Malheureusement, c’est ce rapport trop évident au réel qui m’a empêché de m’immerger pleinement dans cette histoire. Lorsque je lis de l’imaginaire, que ce soit de la SF ou de fantastique, j’ai besoin de ressentir une certaine dose d’émerveillement, que j’ai eu beaucoup de mal à éprouver avec le ton constamment sarcastique de la protagoniste et l’ancrage de ce roman dans une réalité très parisienne. Le mélange de second degré et de codes bit litt retournés semblait parfois cacher une posture bancale qui m’a fait m’interroger sur le message que voulait faire passer l’auteur avec ce roman : est-ce réellement une parodie, ou une romance fantastique mal assumée ? Au final, je n’ai pas cru un instant à l’idylle de Myriame avec Vane. Mais je n’ai pas cru pour autant à une réelle satyre. À cela s’ajoute une certaine confusion lors des scènes d’action/agression (Myriame est agressée plusieurs fois dans le roman), sûrement voulue : certains épisodes importants sont très confus et souvent, je ne savais plus trop où j’en étais ou ce qui venait de se passer. Je me suis même interrogée sur la fin. De même, un élément important du récit, qui apporte un tournant définitif à l’histoire, est amené de manière un peu brutale et tombe comme un cheveu sur la soupe.
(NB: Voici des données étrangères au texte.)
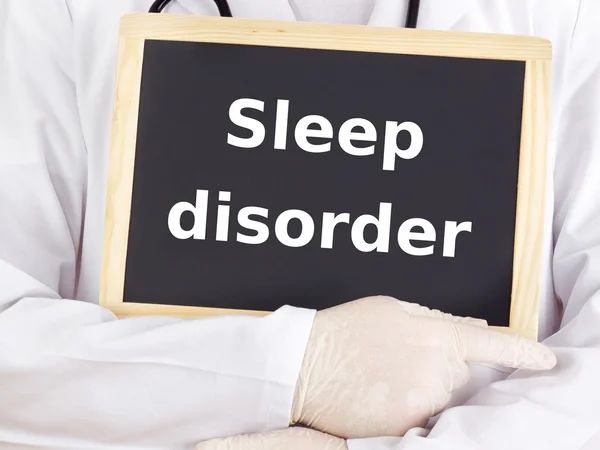 Doctor shows information: sleep disorder — Stock Photo, Image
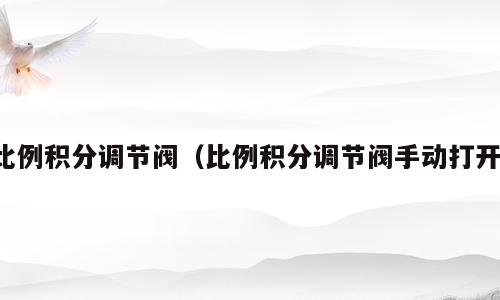 比例积分调节阀（比例积分调节阀手动打开）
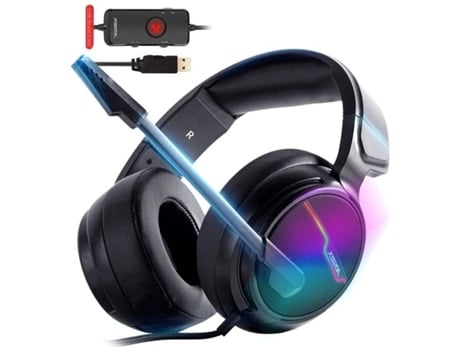 Auriculares Gaming ENKES Sonido envolvente USB Ps4 7.1 con cable de 1,95 m y micrófono con cancelación de ruido para computadoras portátiles Mac y ...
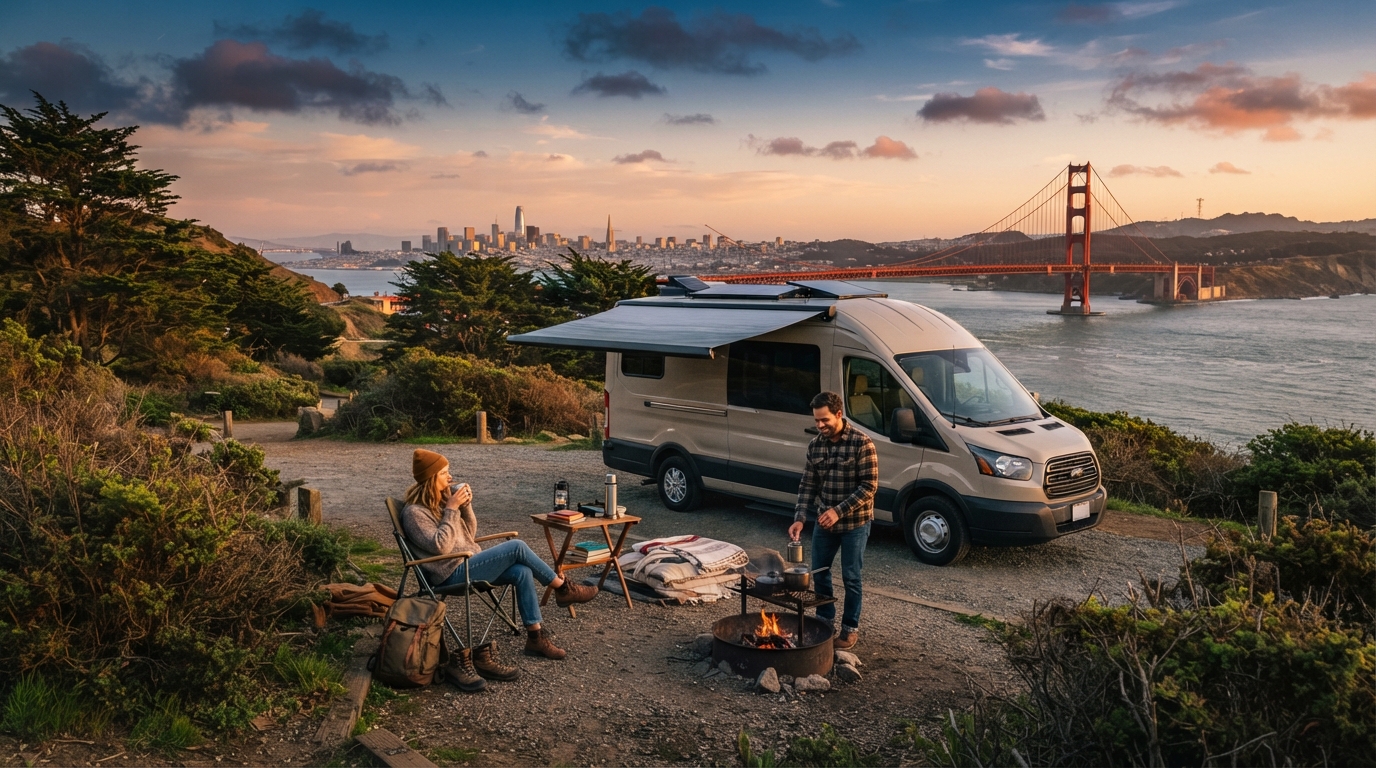San Francisco to Salt Lake City — campground with a motorhome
Ce roman a été lu dans le cadre du Cold Winter Challenge, menu « cocooning hivernal », dans la catégorie « marrons glacés » (feel good, gourmandise) car je m’attendais à une romance fantastique bien cozy. Si le livre commence effectivement dans cette veine-là, on est loin de la romance feel-good, au final…Je ne doute pas, cependant, qu’il plaira à un certain type de lecteurs, ceux qui recherchent de l’originalité, de l’érudition et du second degré en SFFF.